1) O texto parte da hipótese de que os adolescentes, hoje, recorrem às imagens dos meios digitais e aos objetos oferecidos pela técnica como um recurso para lidar com a inexistência da relação sexual e com as dificuldades relativas ao encontro com o Outro sexo.
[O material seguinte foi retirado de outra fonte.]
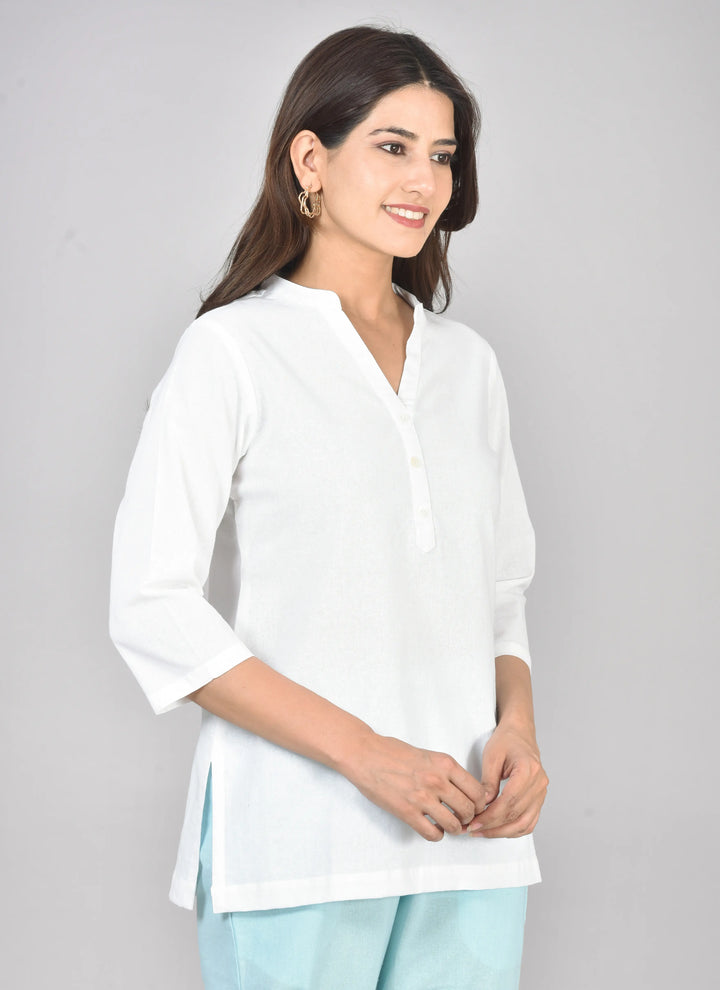 Airy Linen Short Kurti Combo- White & Sky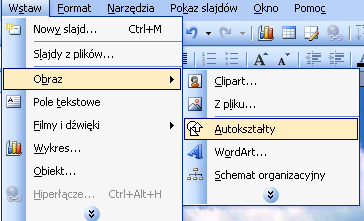 Tam używając pozycji Kształty podstawowe oraz Schemat blokowy wybieramy odpowiednie formy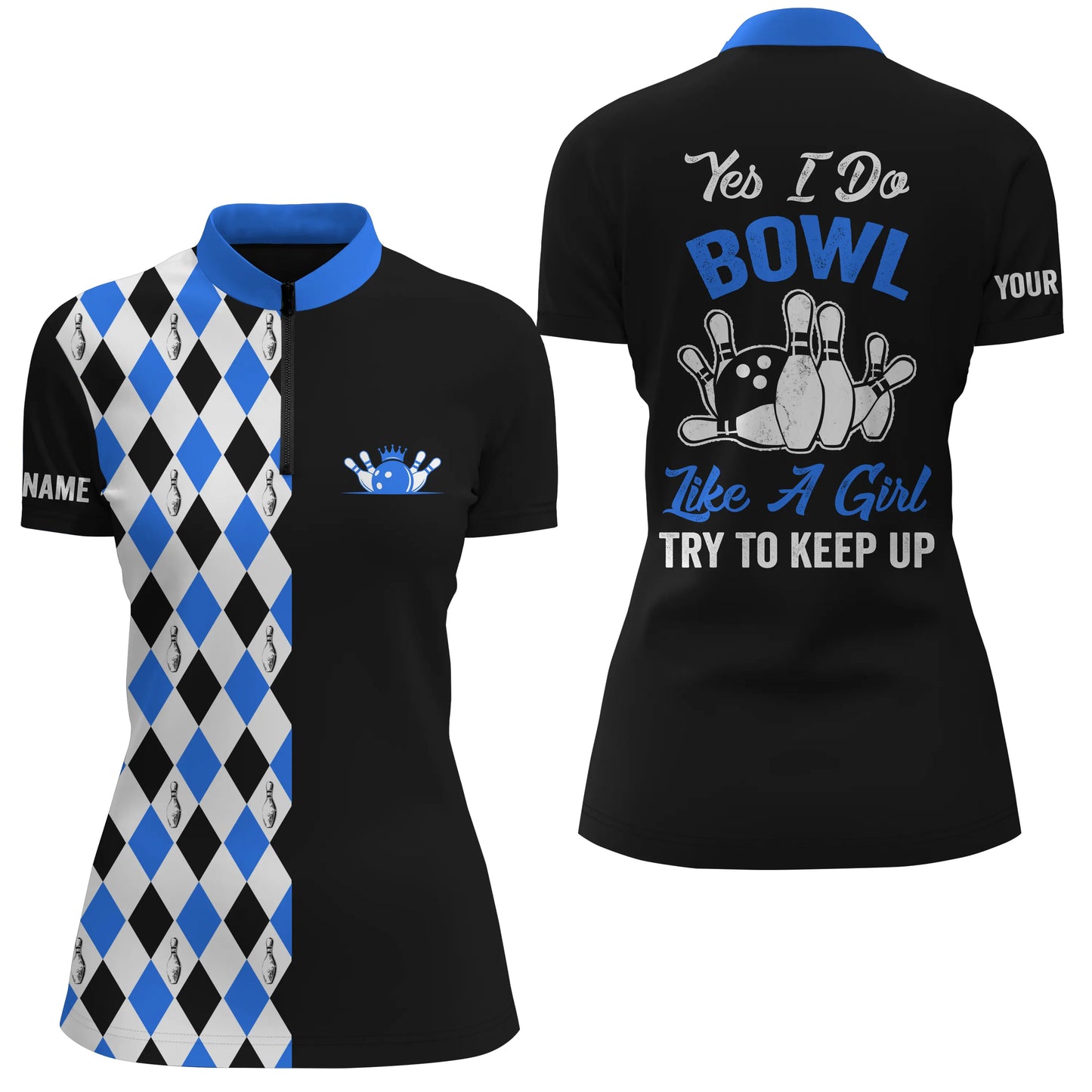 Custom Black blue bowling shirt for women – personalized team jersey front view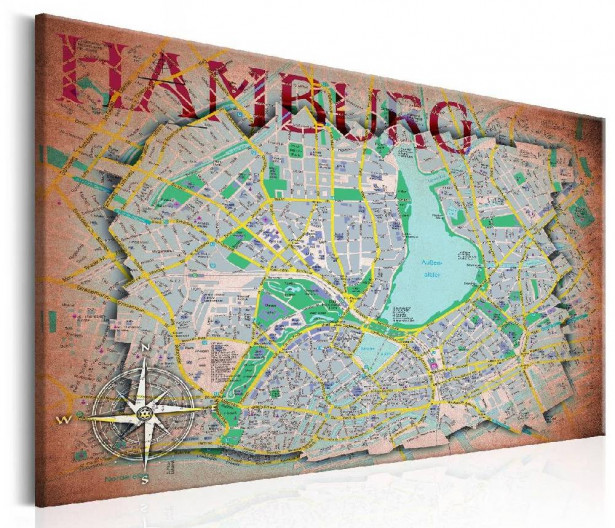 Taulu Artgeist Map of Hamburg eri kokoja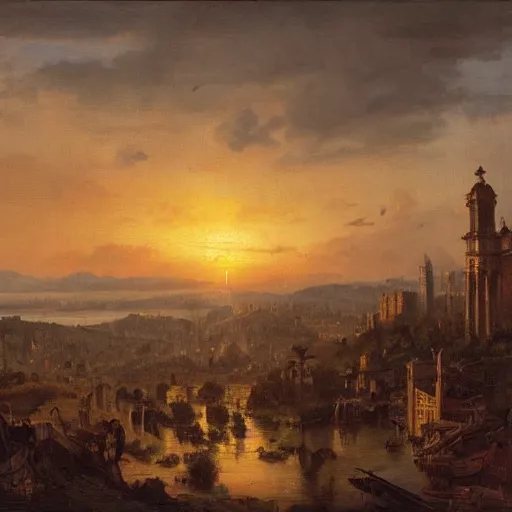 Image similar to vista of a city at sunset, the city is a sprawling renaissance city that is built on the rolling hills of a wide bay amidst cyclopean mausoleums with the rainforest at its edges, rpg, hubert robert, cityscape, vista, dying earth, reclaimed ruins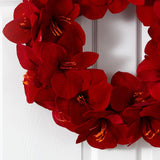 22” Amaryllis Wreath by Nearly Natural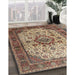 Traditional Brownish Green Persian Rug in Family Room, tr1873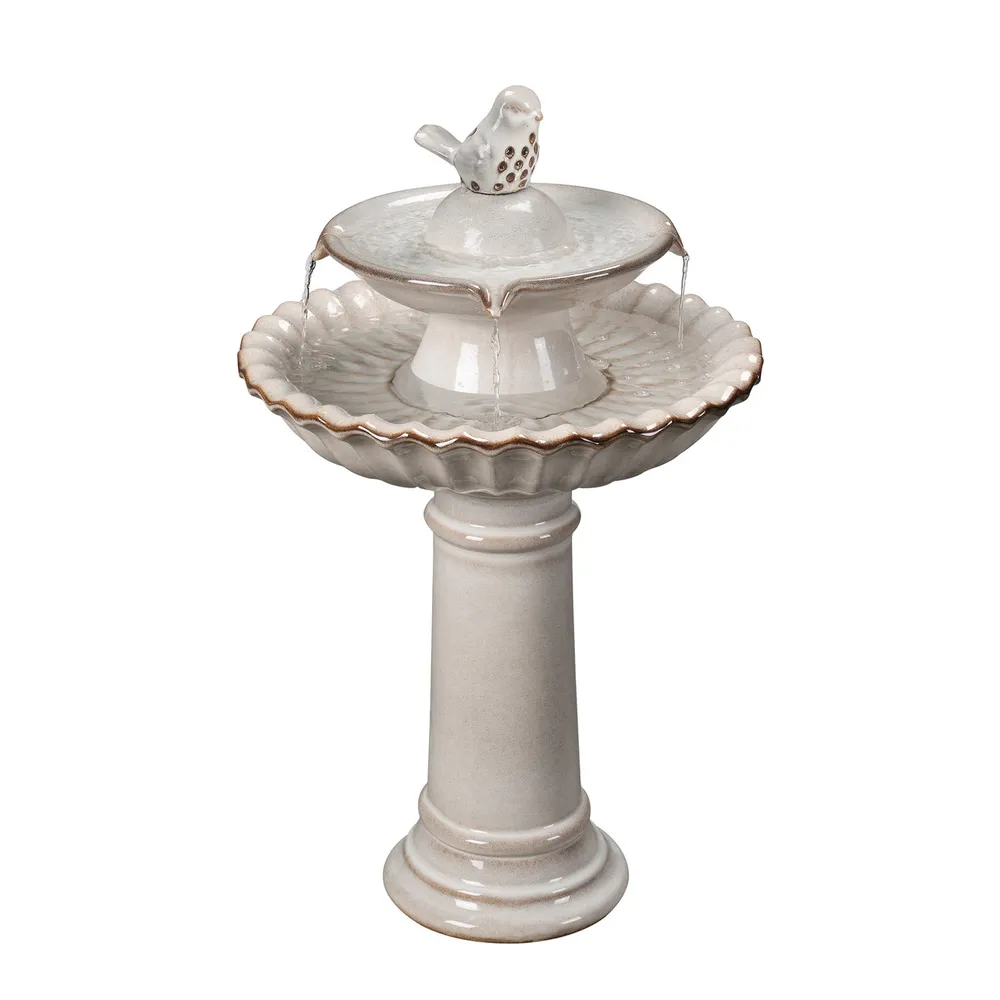 2-Tier Ceramic Outdoor Garden Fountain – 26.5″ – Cream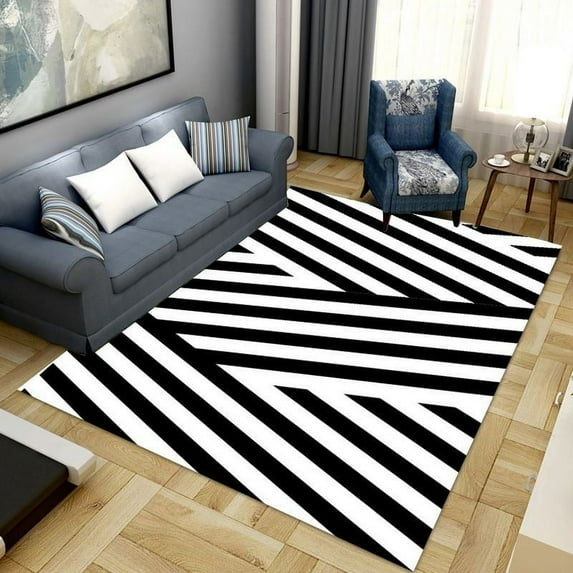 Classic Retro Black White Striped Carpet Luxury Living Room Large Area rative Mat Thickened Soft Pla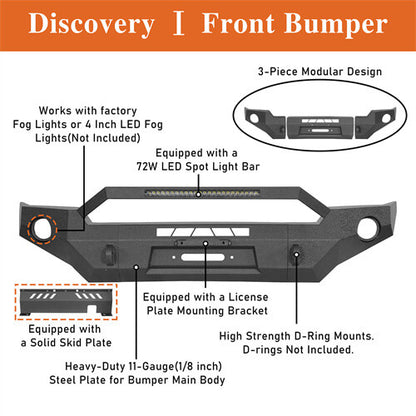 Tacoma 3rd Gen Full Width Front Bumper w/ LED Light Bar & Bull Bar For 2016-2023 Toyota Tacoma - ultralisk4x4 ul4211s 15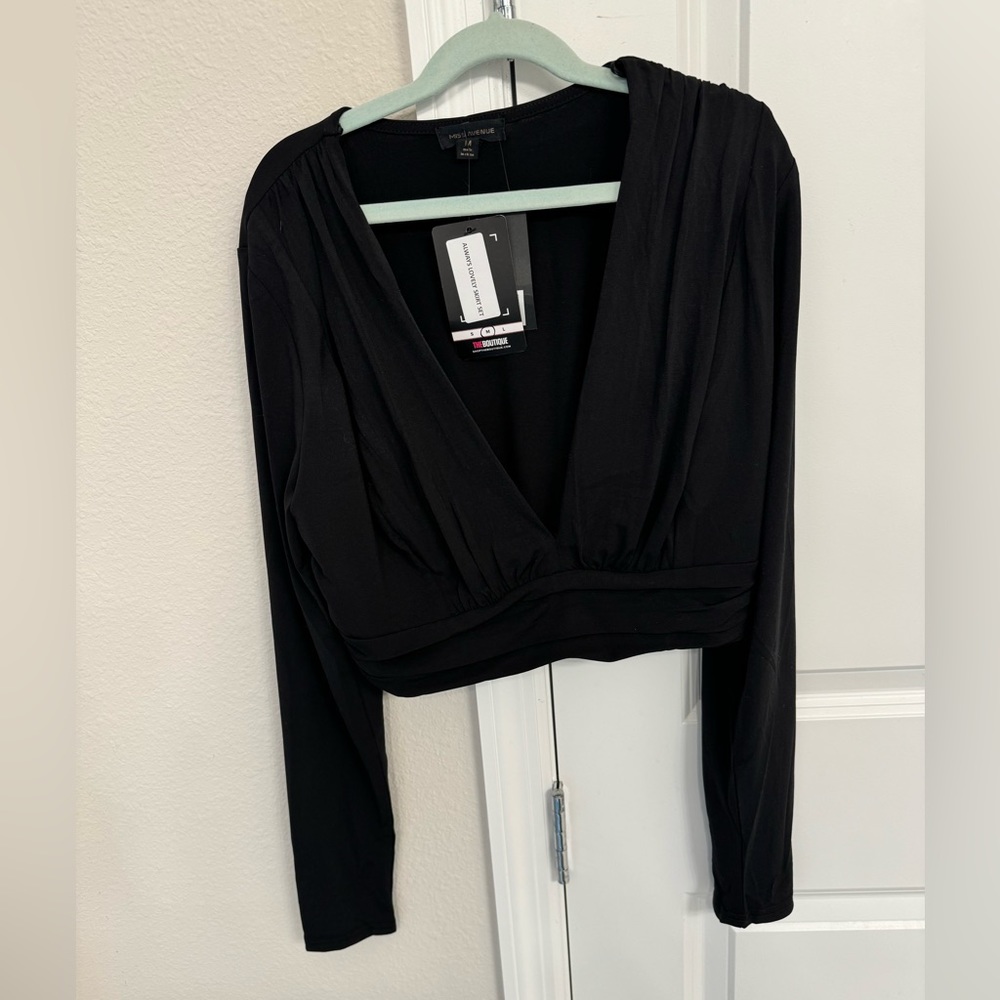 Two piece skirt set with long sleeve top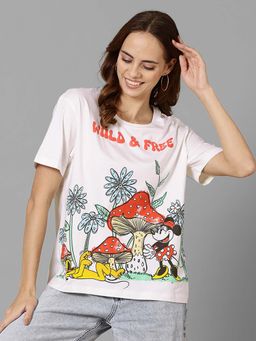 Free Authority - Off White Minnie Oversized Round Neck Beige T-Shirt for Young Women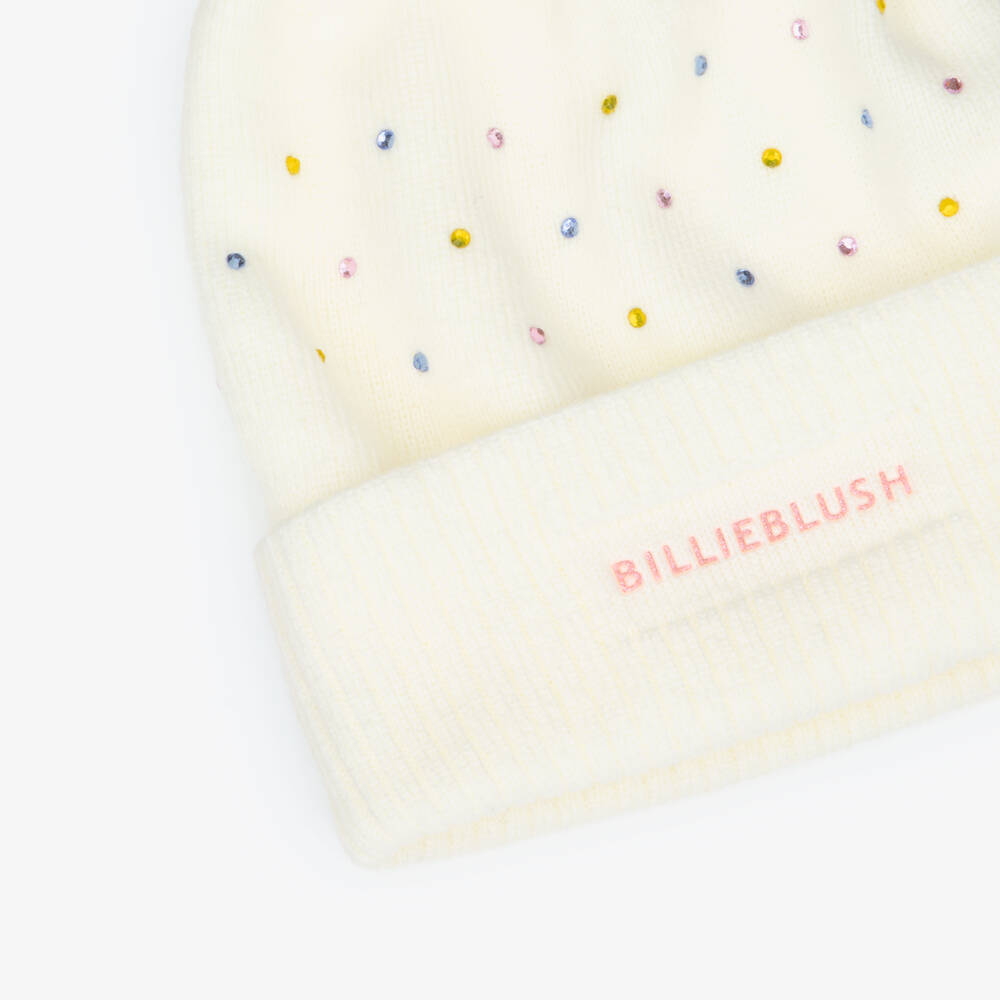 Billieblush-Girls Ivory Knitted Hat with Colourful Diamanté | Childrensalon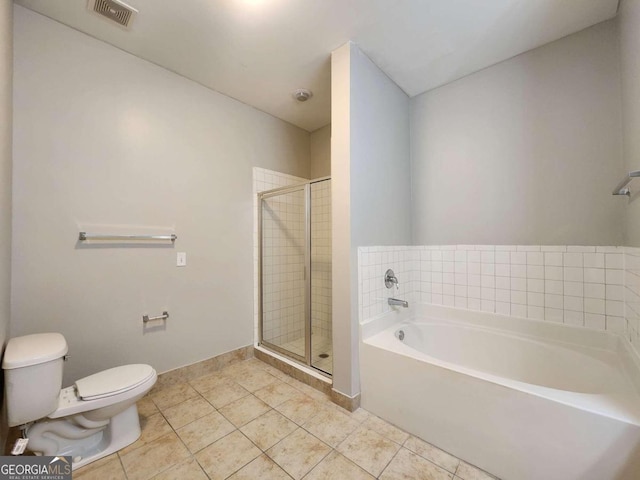 bathroom with toilet, independent shower and bath, and tile patterned floors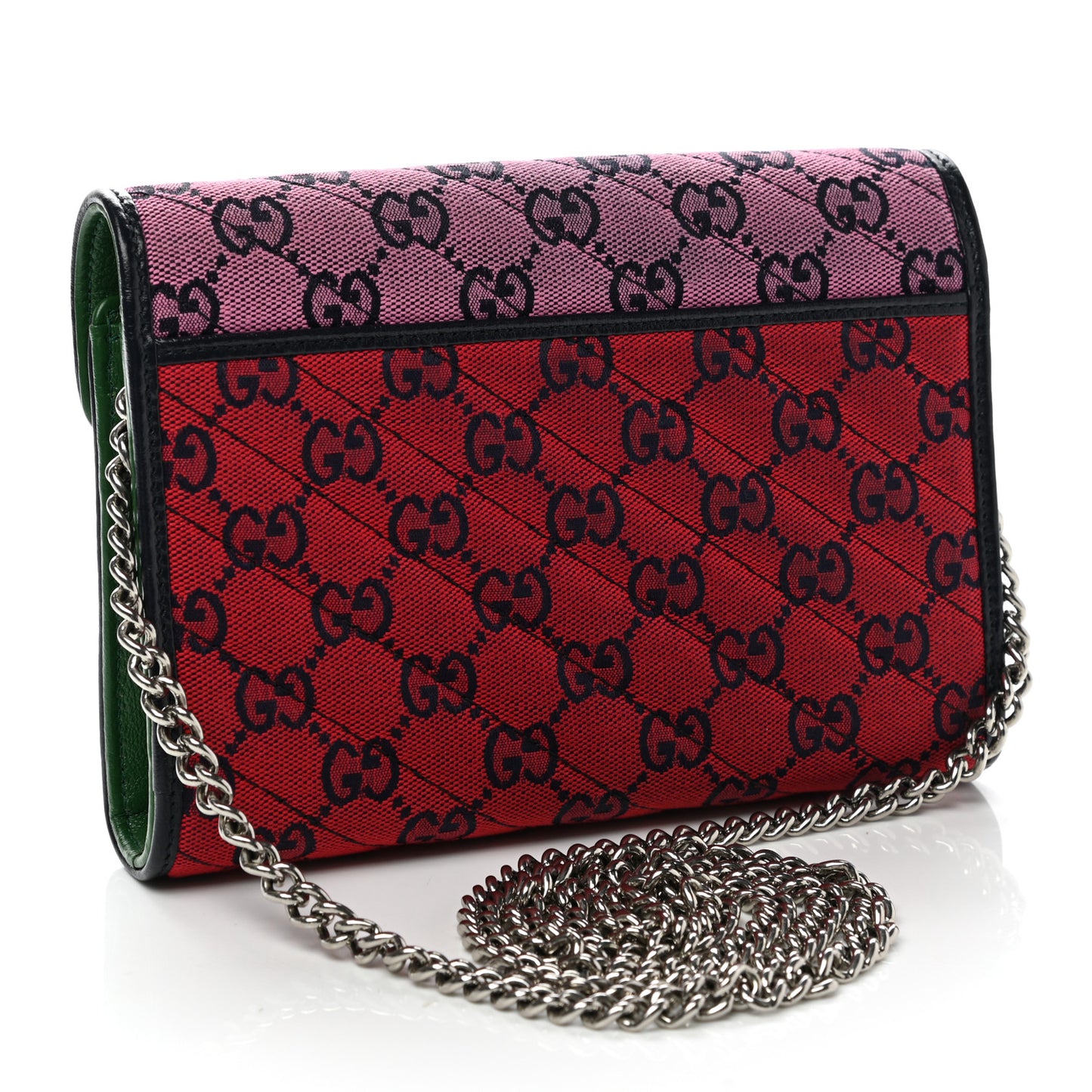Monogram Multicolor Matelasse Diagonal GG Marmont Chain Wallet Red Blue Pink Green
Como nos esclarece Ludmilla, através de uma citação de Miller, constatamos, na atualidade, um enfraquecimento do nome-do-pai e das instâncias que tinham a incumbência de transmitir “o que convém ser e fazer para ser um homem e para ser uma mulher”[i]. Assim, os adolescentes de hoje buscam na tecnologia não exatamente uma resposta pela via do sentido, mas o que, a meu ver, poderíamos chamar de certo “aparelhamento” para o gozo e, também, para lidar com o desencontro fundamental entre os sexos, que, na adolescência, é colocado em evidência de uma forma inédita.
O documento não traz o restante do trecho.